Tuesday, May 21, 2013

A Thimble of Christ's Sorrow

A thimble of Christ's sorrow
Has in it more joy
Than all the world's oceans
Of ecstasy

Monday, May 13, 2013

Saturday Mornings

Most of my Saturday mornings have been spent down a country dirt road in Salem, AL, outside a little house surrounded by a 30-acre wood. Our house shared that dirt road with the homes of two uncles and our big red barn. At one time, that barn housed chickens, goats, and the horses that my uncles would ride over the wooded landscape. My uncles made trails all throughout the woods for those horse rides, and in the process, they cleared the forest pathways of my childhood. I can roam those trails in my mind still today: through the barn gate, across the iron-grated bridge over the creek, and into the hush of sun-streaked tree tops and neighboring wildlife.
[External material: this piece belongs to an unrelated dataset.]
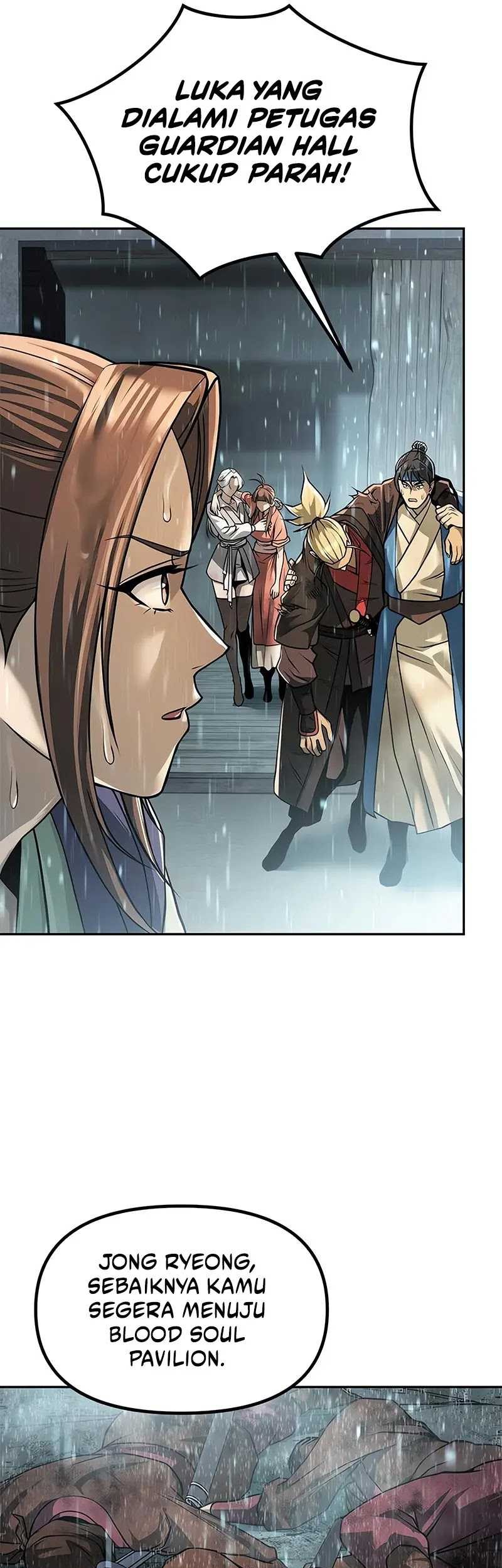 Chronicles of the Demon Faction Chapter 98 - halaman 6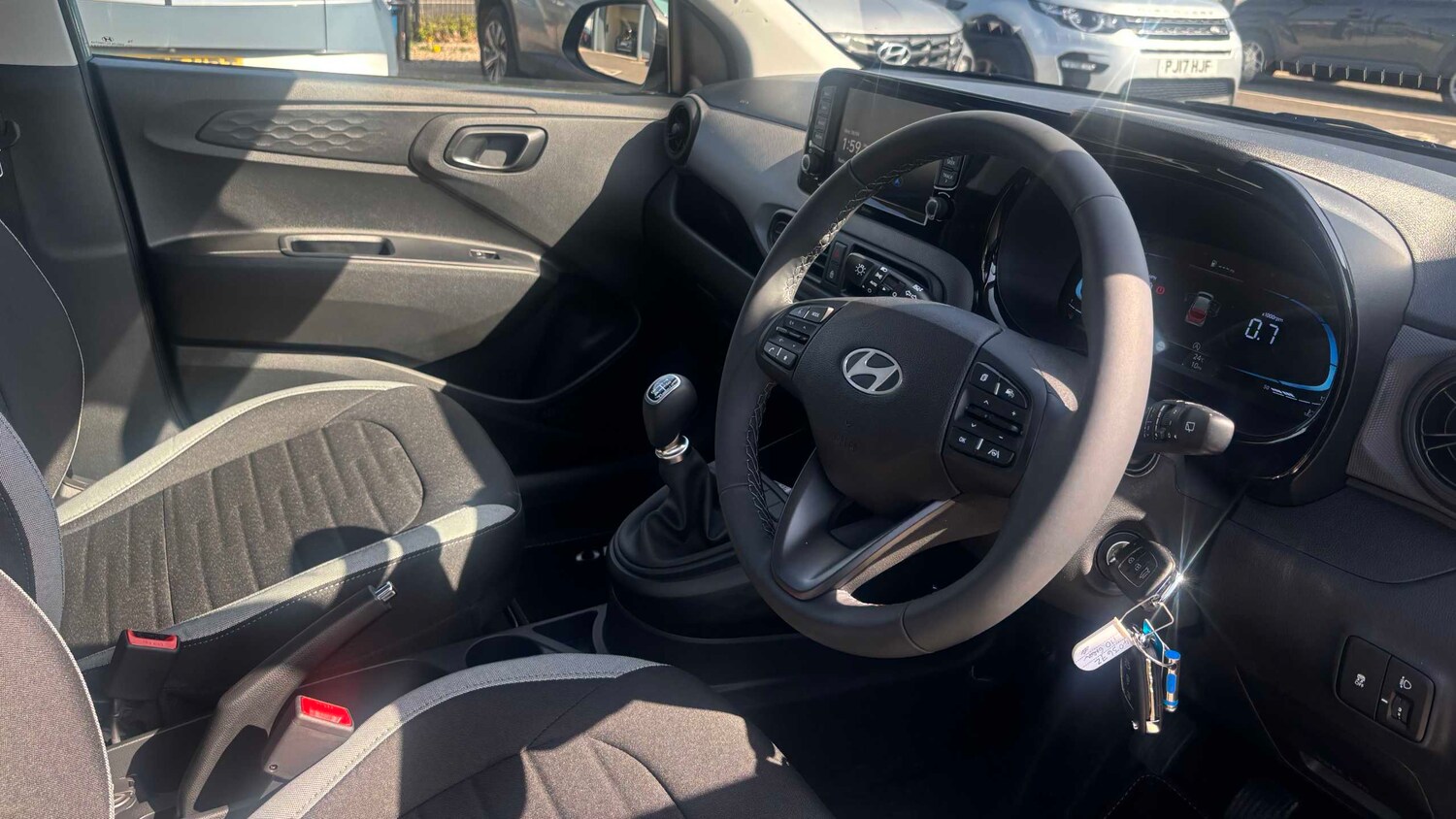 Used Hyundai i10 2026 for sale - 78173663: Photo 9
I would spend many hours there in solitude, trekking the familiar trails, exploring beyond them as far as I dared.

Sometimes a city friend would come over, and he would want to get up early and take our BB guns out squirrel hunting. We never saw a single squirrel, and that was probably okay with me. The forest was a magical place, more fit for a sword or wizard’s staff than a gun. My dad once made for me a wooden sword and shield to wield on my forest adventures. I couldn’t have been more pleased if I had been Arthur pulling Excalibur from the Stone. The forest was my kingdom, and I its princely protector. I loved the place: every tree of the forest, every babble of the creek that flowed through it, every stone in the creek bed, every blade of grass on creek bank and field, and every warm breeze that bent those blades, blowing past us, whispering mysteries of fleeting childhood.

On the border of my kingdom, my eldest uncle’s house sat, its back to the dirt road. The front of the house faced the forest. Even then, even with my love for the land, this seemed odd to me. Why build your front door facing out of sight, away from the road, as if to shy from its connection to society?